Retaining Wall Design

Retaining structures hold back soil or other loose material where an abrupt change in ground elevation occurs. The retained material or backfill exerts a push on the structure and thus tends to overturn or slide it, or both. The cantilever is the most common type of retaining structure and is used for walls in the range of 10 to 25 ft in height. The stem, heel and toe of such a wall acts as a cantilever beam.

The program computes the soil bearing pressures under the base of a concrete cantilever retaining wall supporting any kind of backfill material with additional surcharge and concentrated external loads acting on the wall.

In addition, the program analyzes the stability of the whole structure and performs the concrete design based either on the Working Stress Design Method or on the Ultimate Strength Design Method of the ACI. The lateral pressures are calculated by either the Rankine or Coulomb theory. Seismic design as per the Mononobe-Okabe approach.

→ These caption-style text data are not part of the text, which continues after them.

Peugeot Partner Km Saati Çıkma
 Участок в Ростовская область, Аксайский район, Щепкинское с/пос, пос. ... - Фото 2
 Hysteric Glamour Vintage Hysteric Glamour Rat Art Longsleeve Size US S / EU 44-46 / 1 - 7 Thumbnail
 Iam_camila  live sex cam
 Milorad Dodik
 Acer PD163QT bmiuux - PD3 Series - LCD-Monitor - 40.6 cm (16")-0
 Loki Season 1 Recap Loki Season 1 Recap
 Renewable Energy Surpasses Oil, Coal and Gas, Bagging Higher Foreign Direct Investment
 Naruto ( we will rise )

The program also provides the option to design a base shear key if the sliding of the whole structure is a possible cause of failure.

Input Data

The required input data includes all wall dimensions, backfill slope, concrete and steel strength, allowable soil bearing pressure, and backfill properties. The figure to the right shows schematically the input data required by this program.

The program also offers the option of considering other external loads applied to the wall, in addition to the backfill pressure. A surcharge can be defined as an equivalent height of backfill. Concentrated loads may also be applied to the wall. This is particularly useful in the design of bridge abutments where beams or girders reactions must be taken by supports.

Example

Consider the retaining wall shown at left supporting a backfill material with an estimated active pressure coefficient of 0.45 and a surcharge of 100 psf.

Find out if the section is adequate and design the reinforcing steel. Use an allowable soil pressure of 3.0 ksf.

Output

When the data is entered, the program automatically performs the stability check for the structure and designs the reinforcing steel. In this manner, the designer may change any dimension or property to obtain an adequate design.

The program computes the maximum soil pressures present under the toe and heel, and compares them with the allowable soil pressure provided as data.

The minimum safety factors allowed by the program are 2.0 for overturning and 1.5 for sliding. In the example, a shear key of 1'-0" depth was designed in order to increase the safety factor for sliding.

Procedure

For the reinforcement design, the program computes the required spacing for the specified bar sizes in the stem, heel and toe.

A detailed tabulation of the stem design is also provided in the output, showing for each tenth of the stem height, the steel area required by strength and the minimum allowed by the ACI Code. This allows the user to optimize the stem width.